Your goal. Top to bottom, output the entries that follow exactly.

Working data.

┏━━

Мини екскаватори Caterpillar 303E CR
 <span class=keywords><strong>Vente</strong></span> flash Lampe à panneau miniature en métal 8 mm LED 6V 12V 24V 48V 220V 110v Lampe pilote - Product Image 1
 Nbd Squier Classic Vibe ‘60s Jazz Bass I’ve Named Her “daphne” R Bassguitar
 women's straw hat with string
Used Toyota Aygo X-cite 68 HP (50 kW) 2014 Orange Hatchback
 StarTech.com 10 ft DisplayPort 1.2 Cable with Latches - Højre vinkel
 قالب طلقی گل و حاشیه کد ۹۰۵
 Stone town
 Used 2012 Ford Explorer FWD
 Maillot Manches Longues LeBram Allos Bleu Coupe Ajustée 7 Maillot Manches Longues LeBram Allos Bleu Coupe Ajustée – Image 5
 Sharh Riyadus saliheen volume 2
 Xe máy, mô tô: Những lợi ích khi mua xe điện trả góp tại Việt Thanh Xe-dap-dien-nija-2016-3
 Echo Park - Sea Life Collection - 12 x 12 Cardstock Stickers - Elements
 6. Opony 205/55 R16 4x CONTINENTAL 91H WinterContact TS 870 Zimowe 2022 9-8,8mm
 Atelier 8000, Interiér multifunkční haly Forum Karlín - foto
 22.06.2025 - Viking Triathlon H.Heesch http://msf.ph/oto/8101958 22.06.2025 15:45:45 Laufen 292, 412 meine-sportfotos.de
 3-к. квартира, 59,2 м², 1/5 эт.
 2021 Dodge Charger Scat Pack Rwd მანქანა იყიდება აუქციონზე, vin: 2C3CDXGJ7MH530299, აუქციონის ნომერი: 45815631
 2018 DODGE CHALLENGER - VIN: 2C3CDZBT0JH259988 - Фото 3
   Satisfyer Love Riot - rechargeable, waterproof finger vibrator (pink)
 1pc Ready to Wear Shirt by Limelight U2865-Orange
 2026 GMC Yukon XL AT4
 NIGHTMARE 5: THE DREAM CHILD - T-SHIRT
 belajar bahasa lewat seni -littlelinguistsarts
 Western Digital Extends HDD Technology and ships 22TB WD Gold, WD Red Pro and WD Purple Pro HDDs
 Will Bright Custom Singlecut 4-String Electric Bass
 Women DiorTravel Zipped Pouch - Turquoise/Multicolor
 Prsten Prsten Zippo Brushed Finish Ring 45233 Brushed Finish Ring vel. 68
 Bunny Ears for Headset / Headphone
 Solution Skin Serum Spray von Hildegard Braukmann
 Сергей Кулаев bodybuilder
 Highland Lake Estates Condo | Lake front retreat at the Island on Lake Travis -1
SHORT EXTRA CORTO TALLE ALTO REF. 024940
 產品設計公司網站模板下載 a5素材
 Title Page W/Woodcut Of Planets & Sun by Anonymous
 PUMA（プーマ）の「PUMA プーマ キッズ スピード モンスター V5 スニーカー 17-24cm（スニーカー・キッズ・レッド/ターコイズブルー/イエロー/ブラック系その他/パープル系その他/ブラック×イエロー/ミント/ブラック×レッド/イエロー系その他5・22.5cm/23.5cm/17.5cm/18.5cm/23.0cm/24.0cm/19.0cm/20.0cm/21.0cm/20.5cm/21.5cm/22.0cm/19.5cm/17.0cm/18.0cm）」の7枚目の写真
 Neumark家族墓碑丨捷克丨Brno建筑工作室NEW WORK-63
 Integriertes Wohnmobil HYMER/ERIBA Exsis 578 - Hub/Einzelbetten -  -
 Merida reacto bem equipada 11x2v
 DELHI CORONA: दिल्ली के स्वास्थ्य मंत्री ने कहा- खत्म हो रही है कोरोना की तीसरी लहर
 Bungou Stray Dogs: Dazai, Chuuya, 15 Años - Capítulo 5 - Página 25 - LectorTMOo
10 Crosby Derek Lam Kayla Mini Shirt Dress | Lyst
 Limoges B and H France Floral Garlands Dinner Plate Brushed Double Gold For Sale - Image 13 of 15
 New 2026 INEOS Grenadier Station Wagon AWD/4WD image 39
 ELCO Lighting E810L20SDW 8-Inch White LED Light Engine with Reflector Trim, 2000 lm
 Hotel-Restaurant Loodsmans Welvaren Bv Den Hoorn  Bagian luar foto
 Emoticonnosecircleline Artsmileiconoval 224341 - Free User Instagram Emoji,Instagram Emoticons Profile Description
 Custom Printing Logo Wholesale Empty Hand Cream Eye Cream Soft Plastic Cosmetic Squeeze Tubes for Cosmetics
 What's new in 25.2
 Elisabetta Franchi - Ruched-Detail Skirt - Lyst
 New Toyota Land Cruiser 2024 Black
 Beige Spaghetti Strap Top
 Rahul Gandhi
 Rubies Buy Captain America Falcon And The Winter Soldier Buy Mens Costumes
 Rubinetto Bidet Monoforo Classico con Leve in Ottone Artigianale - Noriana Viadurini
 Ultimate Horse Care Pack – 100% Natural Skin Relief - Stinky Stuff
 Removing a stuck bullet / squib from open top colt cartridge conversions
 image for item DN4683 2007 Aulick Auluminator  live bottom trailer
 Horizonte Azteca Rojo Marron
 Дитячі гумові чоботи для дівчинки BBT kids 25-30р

┗━━

Result.
Мини екскаватори Caterpillar 303E CR
 <span class=keywords><strong>Vente</strong></span> flash Lampe à panneau miniature en métal 8 mm LED 6V 12V 24V 48V 220V 110v Lampe pilote - Product Image 1
 Nbd Squier Classic Vibe ‘60s Jazz Bass I’ve Named Her “daphne” R Bassguitar
 women's straw hat with string
Used Toyota Aygo X-cite 68 HP (50 kW) 2014 Orange Hatchback
 StarTech.com 10 ft DisplayPort 1.2 Cable with Latches - Højre vinkel
 قالب طلقی گل و حاشیه کد ۹۰۵
 Stone town
 Used 2012 Ford Explorer FWD
 Maillot Manches Longues LeBram Allos Bleu Coupe Ajustée 7 Maillot Manches Longues LeBram Allos Bleu Coupe Ajustée – Image 5
 Sharh Riyadus saliheen volume 2
 Xe máy, mô tô: Những lợi ích khi mua xe điện trả góp tại Việt Thanh Xe-dap-dien-nija-2016-3
 Echo Park - Sea Life Collection - 12 x 12 Cardstock Stickers - Elements
 6. Opony 205/55 R16 4x CONTINENTAL 91H WinterContact TS 870 Zimowe 2022 9-8,8mm
 Atelier 8000, Interiér multifunkční haly Forum Karlín - foto
 22.06.2025 - Viking Triathlon H.Heesch http://msf.ph/oto/8101958 22.06.2025 15:45:45 Laufen 292, 412 meine-sportfotos.de
 3-к. квартира, 59,2 м², 1/5 эт.
 2021 Dodge Charger Scat Pack Rwd მანქანა იყიდება აუქციონზე, vin: 2C3CDXGJ7MH530299, აუქციონის ნომერი: 45815631
 2018 DODGE CHALLENGER - VIN: 2C3CDZBT0JH259988 - Фото 3
   Satisfyer Love Riot - rechargeable, waterproof finger vibrator (pink)
 1pc Ready to Wear Shirt by Limelight U2865-Orange
 2026 GMC Yukon XL AT4
 NIGHTMARE 5: THE DREAM CHILD - T-SHIRT
 belajar bahasa lewat seni -littlelinguistsarts
 Western Digital Extends HDD Technology and ships 22TB WD Gold, WD Red Pro and WD Purple Pro HDDs
 Will Bright Custom Singlecut 4-String Electric Bass
 Women DiorTravel Zipped Pouch - Turquoise/Multicolor
 Prsten Prsten Zippo Brushed Finish Ring 45233 Brushed Finish Ring vel. 68
 Bunny Ears for Headset / Headphone
 Solution Skin Serum Spray von Hildegard Braukmann
 Сергей Кулаев bodybuilder
 Highland Lake Estates Condo | Lake front retreat at the Island on Lake Travis -1
SHORT EXTRA CORTO TALLE ALTO REF. 024940
 產品設計公司網站模板下載 a5素材
 Title Page W/Woodcut Of Planets & Sun by Anonymous
 PUMA（プーマ）の「PUMA プーマ キッズ スピード モンスター V5 スニーカー 17-24cm（スニーカー・キッズ・レッド/ターコイズブルー/イエロー/ブラック系その他/パープル系その他/ブラック×イエロー/ミント/ブラック×レッド/イエロー系その他5・22.5cm/23.5cm/17.5cm/18.5cm/23.0cm/24.0cm/19.0cm/20.0cm/21.0cm/20.5cm/21.5cm/22.0cm/19.5cm/17.0cm/18.0cm）」の7枚目の写真
 Neumark家族墓碑丨捷克丨Brno建筑工作室NEW WORK-63
 Integriertes Wohnmobil HYMER/ERIBA Exsis 578 - Hub/Einzelbetten -  -
 Merida reacto bem equipada 11x2v
 DELHI CORONA: दिल्ली के स्वास्थ्य मंत्री ने कहा- खत्म हो रही है कोरोना की तीसरी लहर
 Bungou Stray Dogs: Dazai, Chuuya, 15 Años - Capítulo 5 - Página 25 - LectorTMOo
10 Crosby Derek Lam Kayla Mini Shirt Dress | Lyst
 Limoges B and H France Floral Garlands Dinner Plate Brushed Double Gold For Sale - Image 13 of 15
 New 2026 INEOS Grenadier Station Wagon AWD/4WD image 39
 ELCO Lighting E810L20SDW 8-Inch White LED Light Engine with Reflector Trim, 2000 lm
 Hotel-Restaurant Loodsmans Welvaren Bv Den Hoorn  Bagian luar foto
 Emoticonnosecircleline Artsmileiconoval 224341 - Free User Instagram Emoji,Instagram Emoticons Profile Description
 Custom Printing Logo Wholesale Empty Hand Cream Eye Cream Soft Plastic Cosmetic Squeeze Tubes for Cosmetics
 What's new in 25.2
 Elisabetta Franchi - Ruched-Detail Skirt - Lyst
 New Toyota Land Cruiser 2024 Black
 Beige Spaghetti Strap Top
 Rahul Gandhi
 Rubies Buy Captain America Falcon And The Winter Soldier Buy Mens Costumes
 Rubinetto Bidet Monoforo Classico con Leve in Ottone Artigianale - Noriana Viadurini
 Ultimate Horse Care Pack – 100% Natural Skin Relief - Stinky Stuff
 Removing a stuck bullet / squib from open top colt cartridge conversions
 image for item DN4683 2007 Aulick Auluminator  live bottom trailer
 Horizonte Azteca Rojo Marron
 Дитячі гумові чоботи для дівчинки BBT kids 25-30р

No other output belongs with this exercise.